▸ EXERCISE REQUIREMENTS
Below are some records. Set down exactly the line holding "Hi, Martin here" and every later line through the end, omitting the pictures.

::::

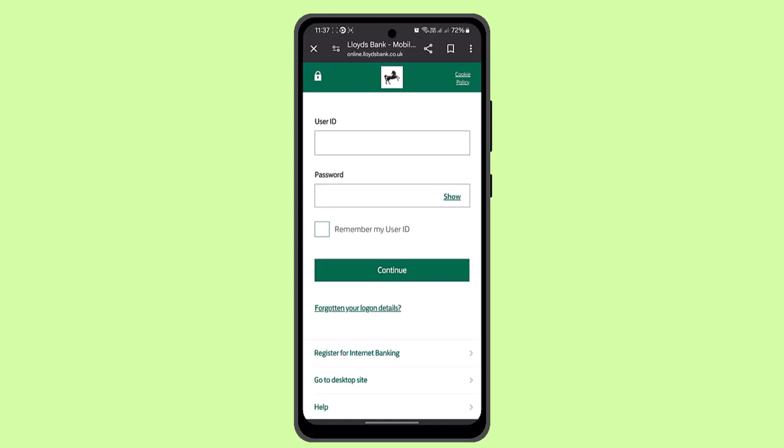Once you've done that, you've successfully made a payment towards your Lloyds Bank credit card.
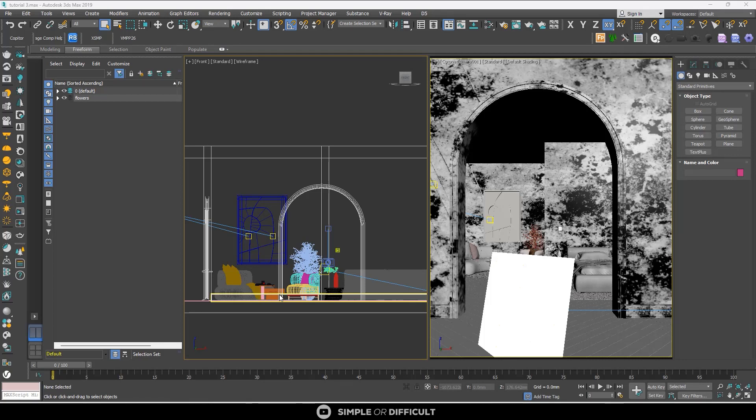Hello, welcome back to Simple or Difficult. In this video we're going to discuss the denoisers in Corona Renderer, which denoising option you should use for your renders, and how each of them works. They can dramatically cut down the amount of time and passes you need to get a clean render.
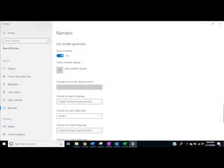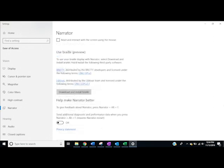First, open Narrator settings by pressing the Windows key plus Control plus N. Then navigate to the Use Braille option. Install the braille driver by clicking on the Download and Install Braille option.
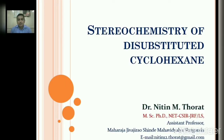Dear friends, welcome back to this lecture series. In this series, in the first lecture we discussed Type 1 — stereochemistry of 1,1-disubstituted cyclohexane. In the second lecture, we discussed Type 2 — stereochemistry of 1,2-disubstituted cyclohexane. 1,2-disubstituted cyclohexane shows geometrical isomerism, and we saw cis-1,2-dimethylcyclohexane and trans-1,2-dimethylcyclohexane in that lecture.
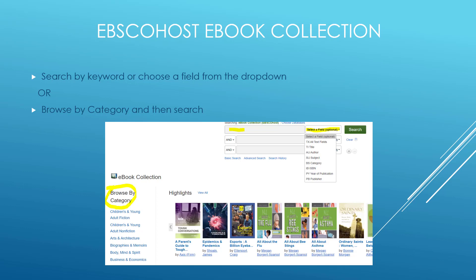Let's look at the EBSCOhost eBook collection. You may search by keyword or choose a field from the drop-down, or browse by category and then search.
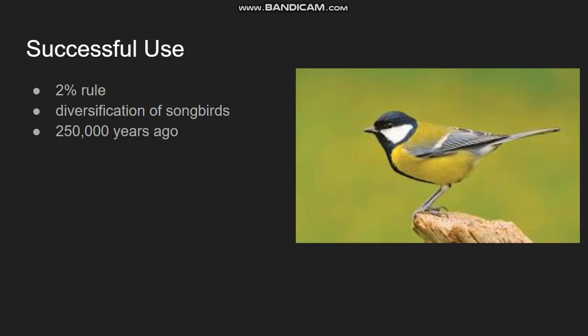This was successfully used in a study on songbirds, based on a previous study that established the 2% rule. Essentially, birds develop at a rate of 1% every 1 million years — it's called the 2% rule because we need to account for two diverging animals. It was used to study the diversification of songbirds, and it was found that because their DNA is actually fairly similar, they diversified some 250,000 years ago — a fairly recent divergence. That was new information for the scientific community, and a very useful application of the molecular clock.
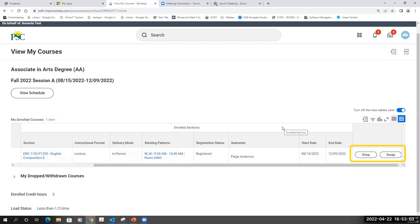During the drop-add period, I can change classes and I can also register for other courses. I hope this short video has been helpful for you to help determine how to register for courses in Workday.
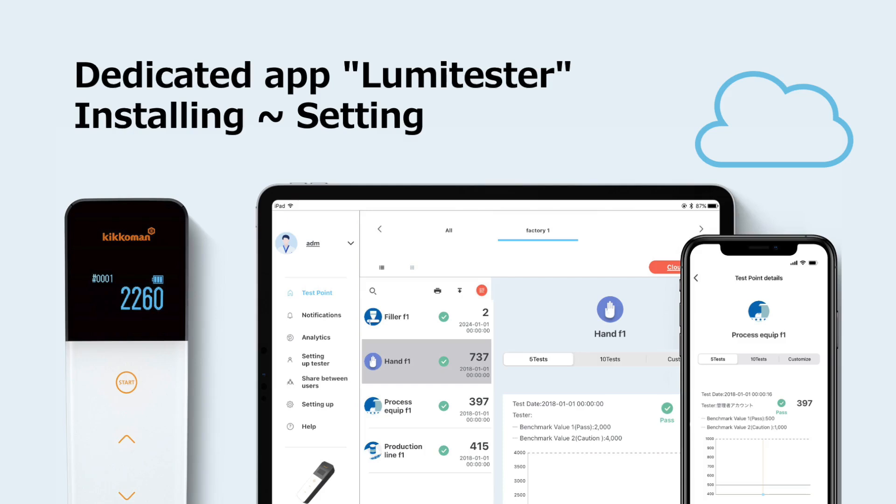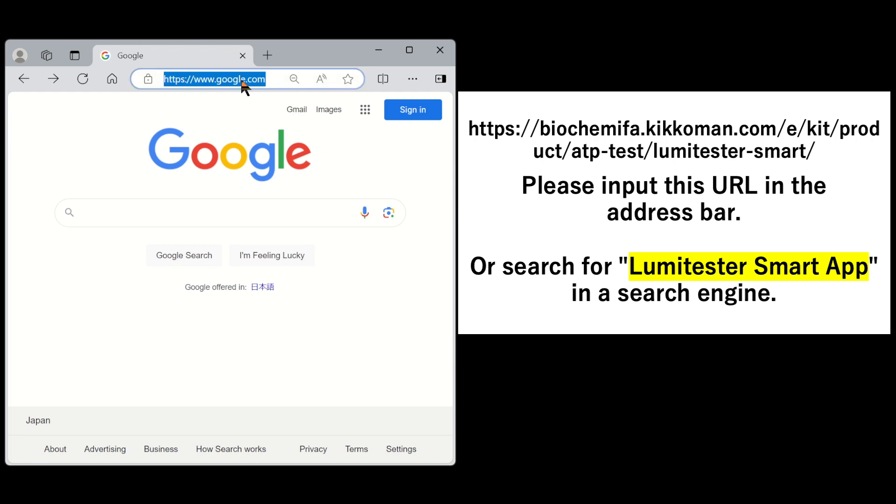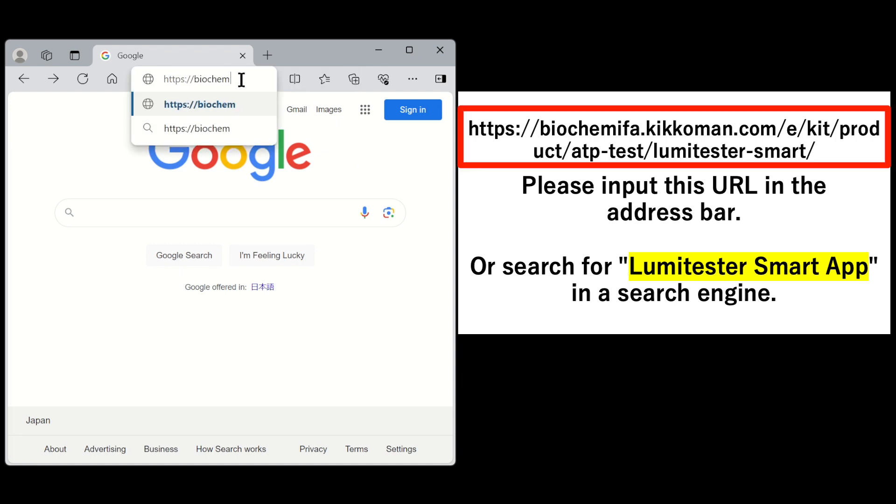In this video, we will explain how to install and set up the app Lumetester. At first, we will explain the process from downloading the app to registering an account. The app Lumetester can be downloaded from our website. You can input this URL in your address bar or search for Lumetester smart app in a search engine.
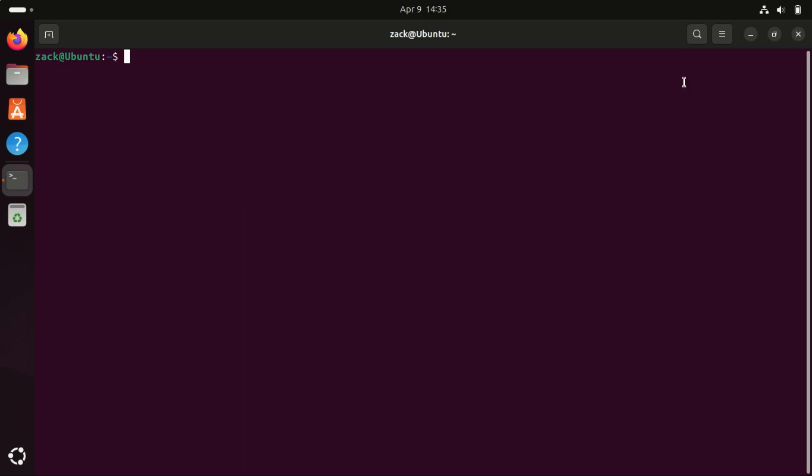And that's it! Those are the top things to do after installing Ubuntu 24.04. If you follow these steps, you'll have a smooth, customized, and secure experience with Ubuntu right from the start. If you enjoyed this video, don't forget to like, subscribe, and hit the bell icon for more tech tips and tutorials. Thanks for watching. See you in the next video!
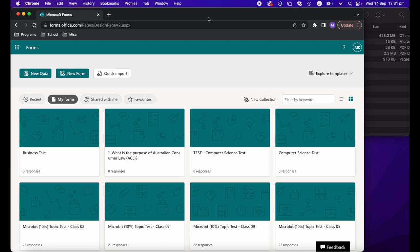Hi, Martin here with another tutorial. Today I'm going to show you how you can import tests and quizzes that you already have created into Microsoft Forms. Let's get started.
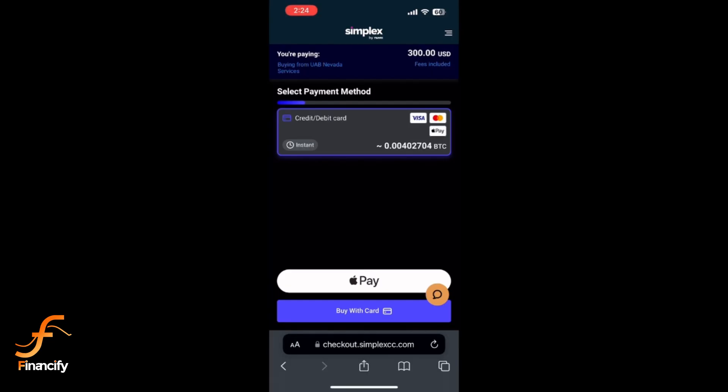Once your payment is successful, you will receive a confirmation email and the Bitcoin — or your selected crypto — will appear in your SafePal wallet after a short processing period. And that's it — you have just bought crypto using SafePal!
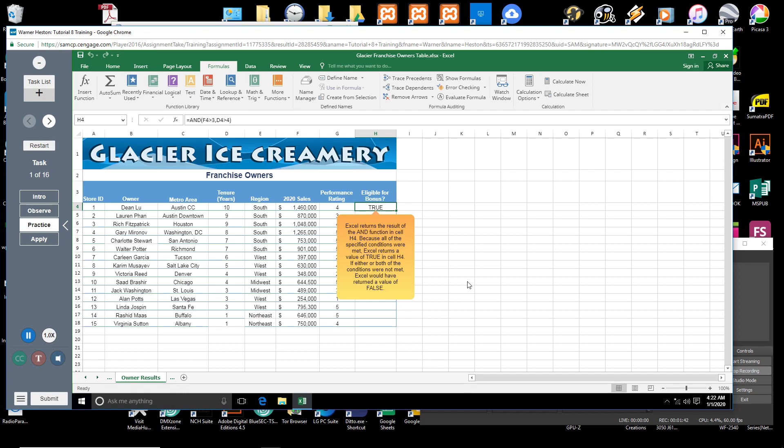Because all of the specified conditions were met, Excel returns a value of TRUE in cell H4. If either or both of the conditions were not met, Excel would have returned a value of FALSE.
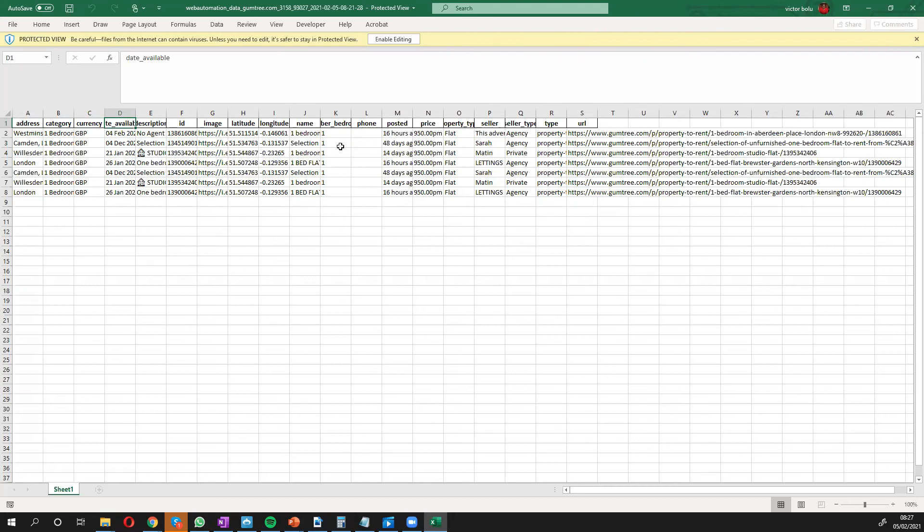And I've shown you how to do that quite easily with just a few clicks using predefined extractors.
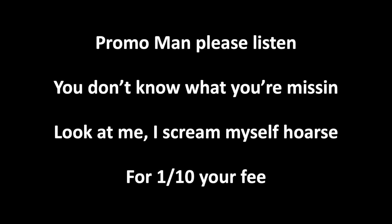Promo man, please listen. You don't know what you're missing. Look at me. I scream myself hoarse for one tenth your fee. Wait, that's not a good thing.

::::

▸ SOLUTION TO THE EXERCISE
Hi, Martin here with another tutorial. Today I'm going to show you how you can import tests and quizzes that you already have created into Microsoft Forms. Let's get started.
Once your payment is successful, you will receive a confirmation email and the Bitcoin — or your selected crypto — will appear in your SafePal wallet after a short processing period. And that's it — you have just bought crypto using SafePal!
Because all of the specified conditions were met, Excel returns a value of TRUE in cell H4. If either or both of the conditions were not met, Excel would have returned a value of FALSE.
And I've shown you how to do that quite easily with just a few clicks using predefined extractors.
Promo man, please listen. You don't know what you're missing. Look at me. I scream myself hoarse for one tenth your fee. Wait, that's not a good thing.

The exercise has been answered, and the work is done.